Tout cela à deux pas du mausolée de celui qui, fort probablement, a été sauvagement assassiné sur ordre de cet étranger au portrait arrogamment brandi par les uns, abreuvé d’injures par les autres, dans ce petit périmètre, cœur battant de notre capitale, qui aurait dû rester à l’écart de ce florilège de lurons en goguette.
Pour corser l’affaire, des barbelés avaient été installés entre les protagonistes, coupant la place en deux, de quoi les empêcher d’en venir aux mains. Les responsables sécuritaires, plus matamores que jamais, s’octroyant en fin de journée un satisfecit, injustifié à mon sens, alors que leur devoir le plus élémentaire était d’interdire cette mascarade et de jeter en prison ceux qui auraient osé braver cet interdit.
Le droit de manifester figure bien en évidence dans notre Constitution, rappelle le Premier ministre.

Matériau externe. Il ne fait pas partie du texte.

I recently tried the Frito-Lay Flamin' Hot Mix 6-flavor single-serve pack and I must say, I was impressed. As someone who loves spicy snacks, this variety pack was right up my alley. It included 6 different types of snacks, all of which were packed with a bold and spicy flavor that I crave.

Lapalissade ! Mais certainement pas le droit d’atterrer les paisibles gens, de montrer publiquement qu’on est à la solde de régimes étrangers, dont le seul but fut, est, et restera de détruire nos institutions, de satelliser notre pays, comme si ces deux manifestations concomitantes servaient de coup de semonce ou de répétition générale.

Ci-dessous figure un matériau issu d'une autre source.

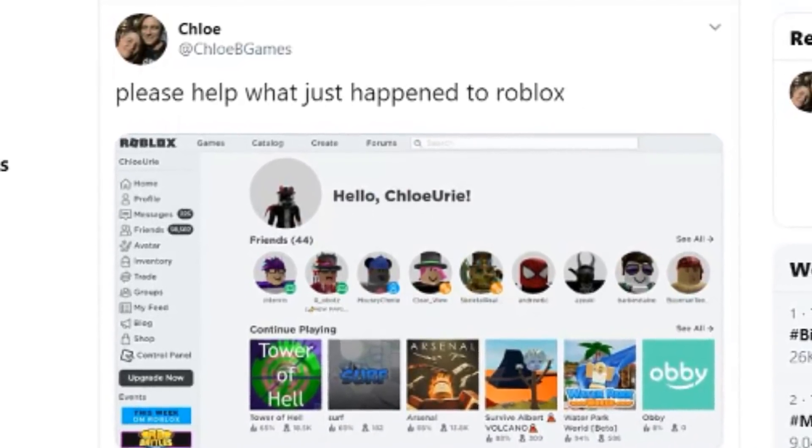Today is going to be another one of those days where we take a look at the UGC catalogue. But first, before I do that, I kind of want to show you something that I noticed last night. So when I actually noticed it, I made a tweet about it saying, 'Please help, what just happened to Roblox?'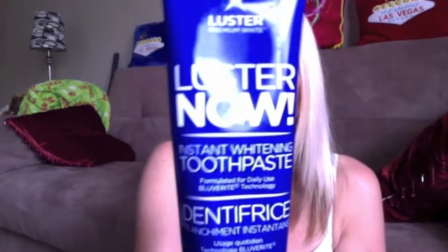The toothpaste itself comes in a blue tub just like this — not a lot of color, just blue and white. It has the name of the product, Instant Whitening Toothpaste, formulated for daily use, and Bluverite Technology. The directions are on the back.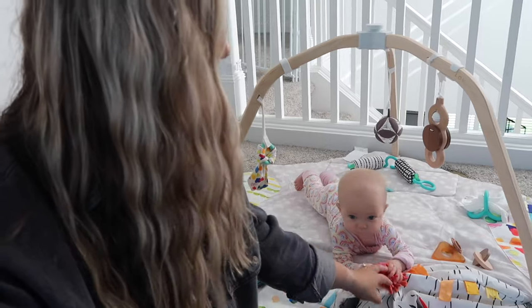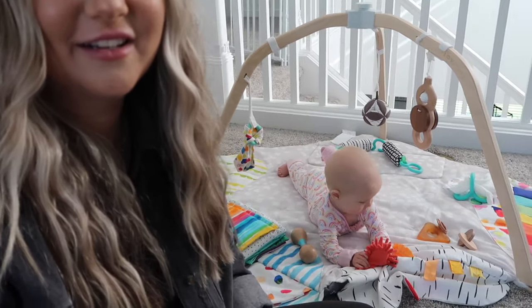I like to give Navy some time on her play gym — just to roll around and do some tummy time right before her first nap — so it kind of wears her out and she's tired. So letting her do that for a couple of minutes and then I'm going to put her down for her first nap of the day. She likes this little fluffy thing — it reminds me of like a car wash mitt.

N’oublions pas que le régime syrien a publiquement annoncé qu’il mettrait à feu et à sang la région au cas où il se sentirait réellement menacé. Voilà donc, en guise d’avertissement, un avant-goût de ce que nous réservent ses suppôts, qu’ils soient fidèles ou contempteurs, les deux camps dans mon entendement étant les deux faces d’une même monnaie, si je ne me trompe, ils mèneront au même résultat, le premier amenant de l’eau au moulin du second.
Révolté par ce qui s’est passé dimanche à la place des Martyrs, sous les yeux de Rafic Hariri, dont l’assassinat atroce avait posé à nouveau les jalons de notre indépendance recouvrée, certes je le suis, comme beaucoup, pour avoir participé et vécu le jour magique du 14 mars 2005.
Étonné ? Non ! Car l’obédience d’une partie des manifestants est connue de tous.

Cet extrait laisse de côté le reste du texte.